It was the summer before COVID.

Or maybe it was two summers before COVID. I won’t know until it pops up on Facebook memories.

Camping at Indian Creek, Logan and I were enjoying the beach while Connor and Shawn fished in another area.

I had arranged myself in the sand on a towel and Logan was playing with a football we brought. It was the only beach toy he wanted and had played with it nonstop since we got there, but made the mistake of getting out of the water to tell me something and left the ball floating.

When he returned to the water a woman, two teenagers, and a little kid had taken over the ball.

He so sweetly walked up (not mentioning it was his ball) and asked if he could play with them.
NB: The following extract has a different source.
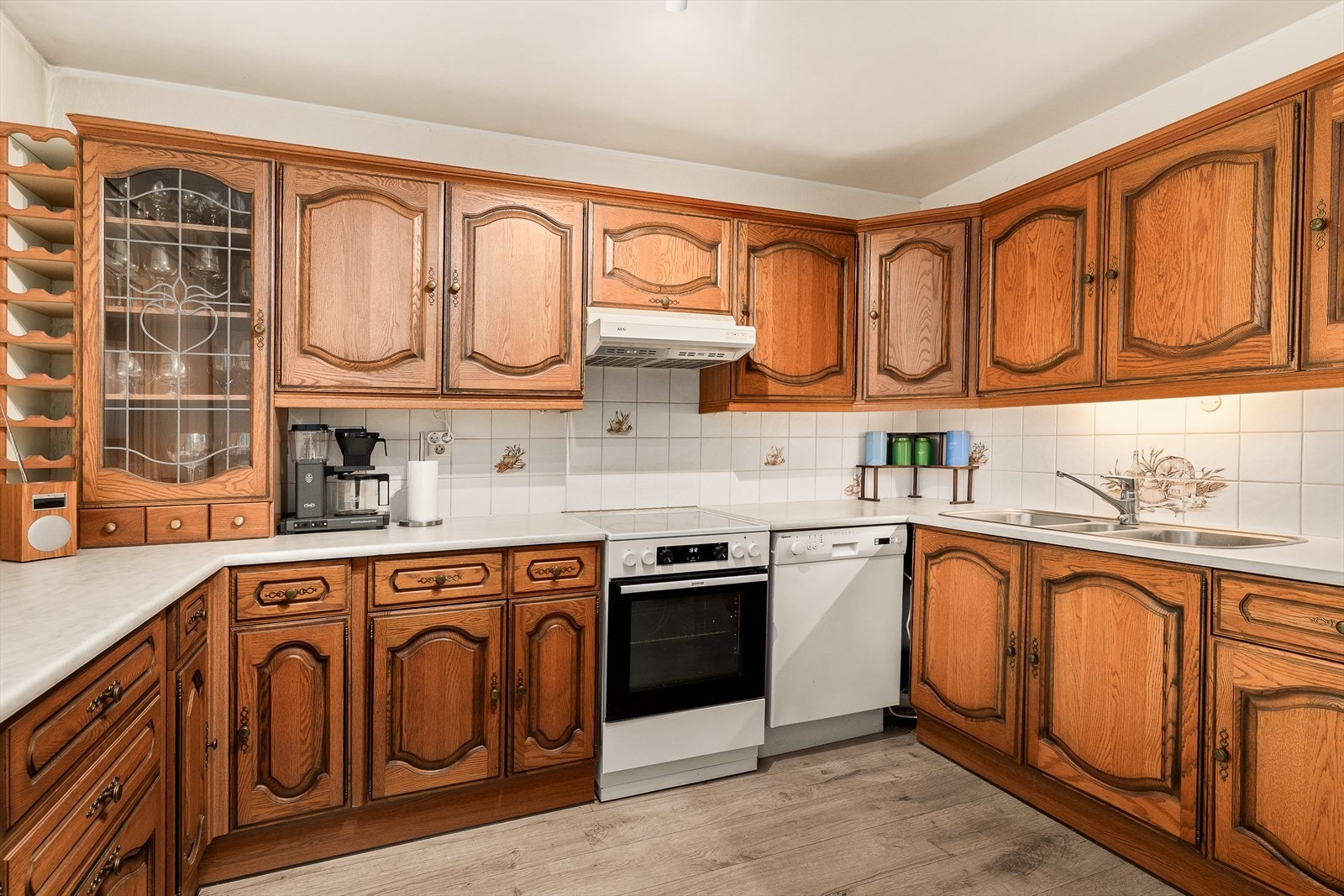 Romslig kjøkken med profilert innredning. Mye skap og benkeplass. Plass til kjøkkenbord og stoler. Innredning antatt fra 1990-tallet. Galleribilde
They looked right at him and said no. I fully expected the woman to correct them and invite him into their game, but she didn’t. She just continued to throw my kid’s ball back and forth while Logan watched from afar.

He looked like he was about to cry and I was shocked. Then I was angry.

He sat there and watched, and then his shoulders slumped as he walked back up to me.

"I will just wait until they are done with it, Mom."

If you know me, then you know I'm a pushover sometimes. If that was just my ball then I probably would have sadly walked away rather than attempt confrontation, but they were making my kid cry.

Nope — just NOPE.

I got up from my beach spot, got into the cold water, and waded over to the mom in the middle of their game.

“Hi,” I said. “Did you bring that ball with you today?”

She said they had found it in the water, and was not extremely nice about it either.

"Okay,” I responded. “Well that's his ball. He wants to play catch."

They begrudgingly allowed him into their game, which I let go on for less than five minutes before I yelled.

"Get your ball, Logan. It’s time to go!"

He grabbed his ball out of the water, and I fumed all the way to the car. And then got more angry the entire ride back to the campsite.

In fact, I allowed it to mess up my entire night.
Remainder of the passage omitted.